The New York Times reported from Tokyo this week that Japan's new vice minister of finance for international affairs, Makoto Utsumi, argues that the U.S. economy must be slowed in order for the U.S. trade deficit to be reduced. Fat chance. As I warned President Bush and his team at Camp David in April, the cut in the capgains tax he's seeking, now with apparent success, will increase the trade deficit precisely because of its dynamic effects on the U.S. economy. The only correct way to offset this effect on trade and capital flows and avoid protectionism (and its attendant contractionary effects), as Robert Mundell observed in 1974, is to replicate these growth-oriented tax policies elsewhere. This, by the way, is why we've been so ardent in our efforts to encourage such reforms in Mexico, which could then spread through Central and South America. In a way there is now a global race between the forces of growth and protectionism.

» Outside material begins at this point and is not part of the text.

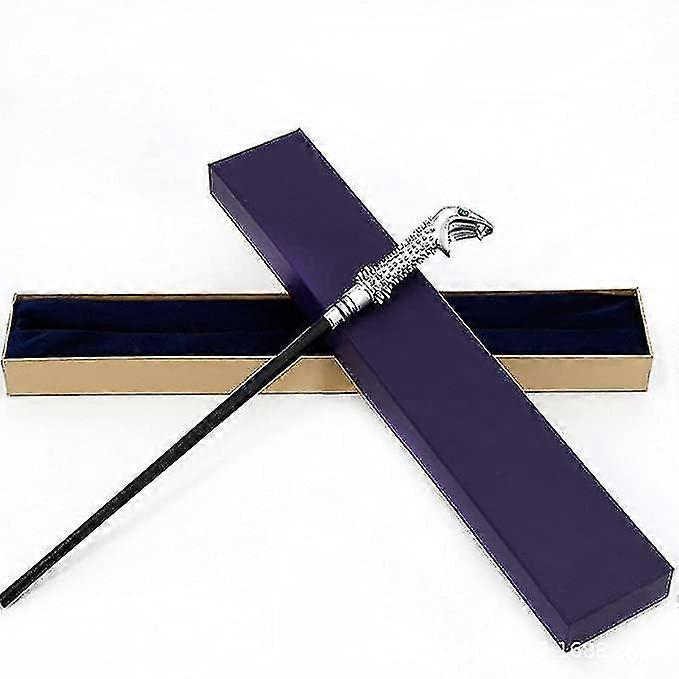 Magic Wand Malfoy Lucius Magic Wand Toy Metal Core Wand Holiday Gift, 1 Piece, Color As Pictured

Although we'll probably be eating turkey before President Bush signs a capgains bill into law, the real economy is already turning up as the recession psychology has been punctured. The conventional wisdom is that Fed policy has been the primary driving force in the bull market. But we think it has been an important secondary force, arresting the commodity deflation above $350 gold via a shift toward monetary ease in July. Capgains, though, is an elephant next to this horse. The supply-side Fed governors know well enough that optimum fiscal policy makes monetary policymaking easy, and vice versa. If Bush were to cave in to the tax increasers, for example, the capital flight would require the Fed to tighten mightily as an offset. This is the mistake the Canadians have been making this year.
The combination of correct monetary and tax policy is now dominating the markets. And if we are not going to have a recession in 1990-92, the inventory hedges that have been widespread among industrialists and consumers are now risky! Commodity buyers that assumed recession and attendant price breaks, letting their own inventories run down, are now faced with a horizon of firming prices as the expansion that is being seen in advance by the financial markets takes hold. Consumers holding back on auto and housing purchases, both hedging against a recession and expecting further price declines before buying, are now rethinking their options.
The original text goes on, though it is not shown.